Ousmane Miphal Lankoand. Il existe une véritable asymétrie de pouvoir, inévitablement en faveur de celui qui détient les ressources. Plus nous avançons et recevons des ressources, plus les conditions qui nous sont imposées se multiplient, tentant ainsi de nous orienter dans une direction précise.

Comment contrer cette asymétrie de pouvoir de décision ?

Ousmane Miphal Lankoand. Nous savons que les ONG du Nord sont dépendantes des bailleurs de fonds. Pour contrer cette asymétrie, il s’agit de voir comment la coopération peut être repensée, pour que les ressources arrivent véritablement au niveau de la base. Cela veut aussi dire discuter avec les ONG du Sud. Cependant, ce n’est pas uniquement la responsabilité des ONG ni des bailleurs du Nord. Les organisations locales doivent également se poser la question : existe-t-il des ressources internes pouvant compenser cette dépendance aux bailleurs de fonds ? Peut-être que cela pourrait contribuer à rééquilibrer cette asymétrie.

Frédérique Sorg Guigma. Nous sommes dans des contextes globaux qui obéissent à des normes occidentales, capitalistes, qui régissent les rapports de pouvoir ; la coopération internationale s’inscrit là-dedans.
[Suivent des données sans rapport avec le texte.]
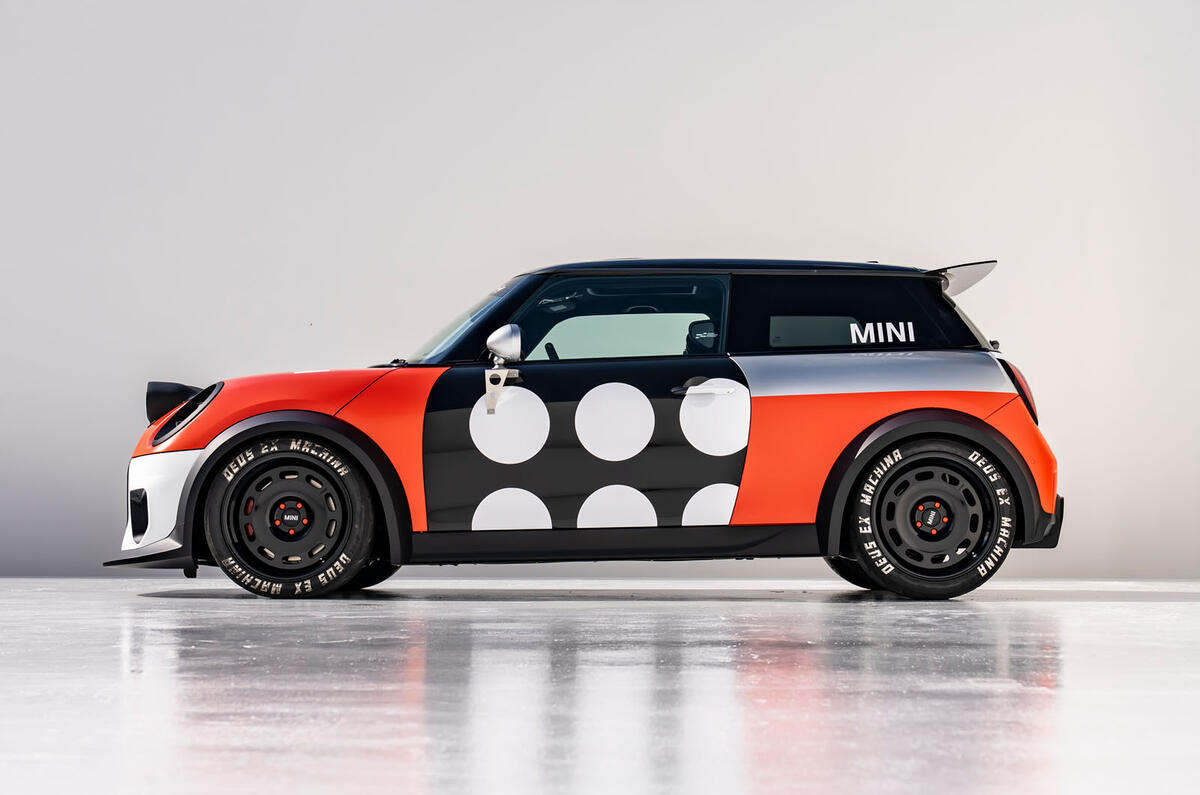 Mini Deus Machina side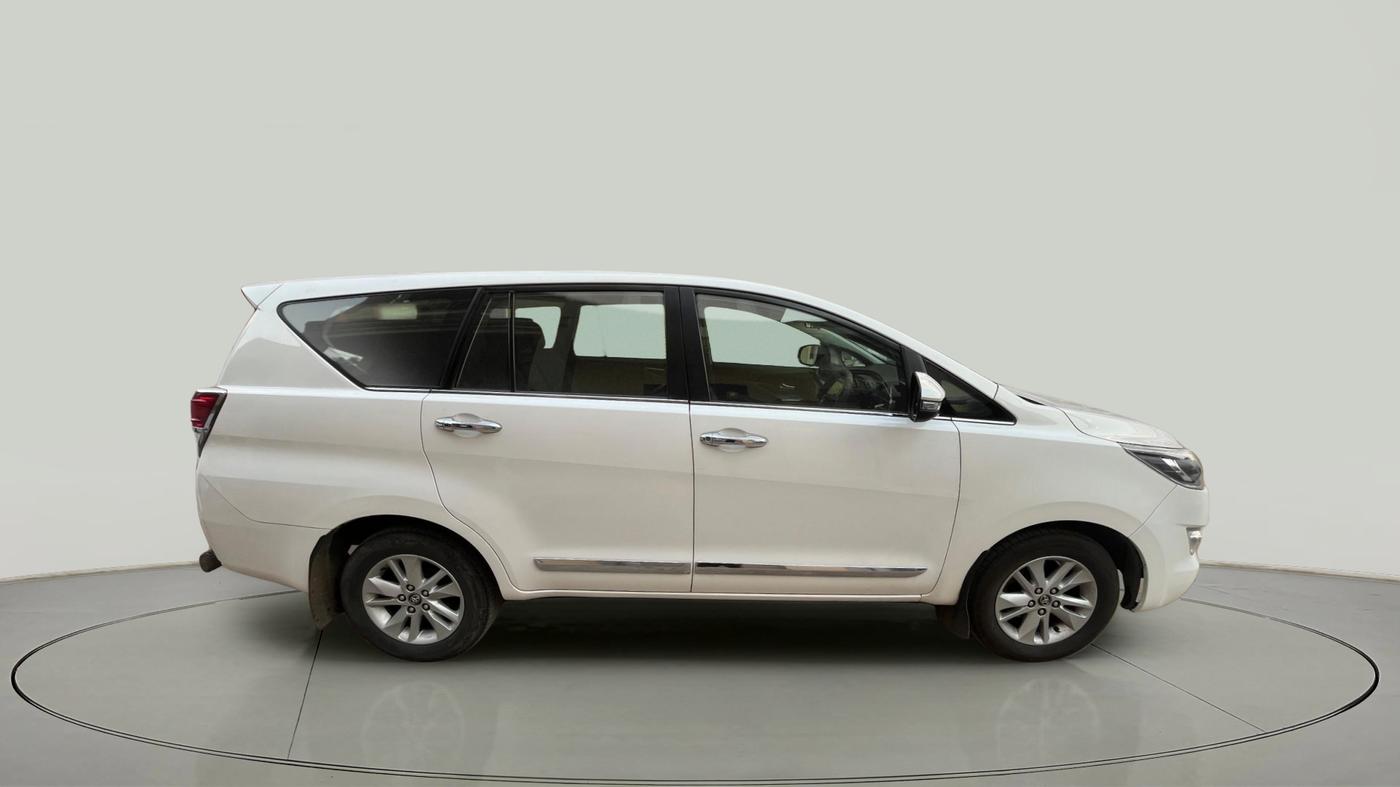 2019 Toyota Innova Crysta 2.4 VX 8 STR, Diesel, Manual, 83,486 km, exterior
Tant que c’est le cas, il est presque impossible de pouvoir changer réellement cette asymétrie. Cependant, un petit pas dans la bonne direction serait d’unifier les exigences des différents bailleurs de fonds par rapport au suivi-évaluation afin d’y consacrer moins de temps et de ressources. Cela permettrait de soutenir davantage nos partenaires dans les pays.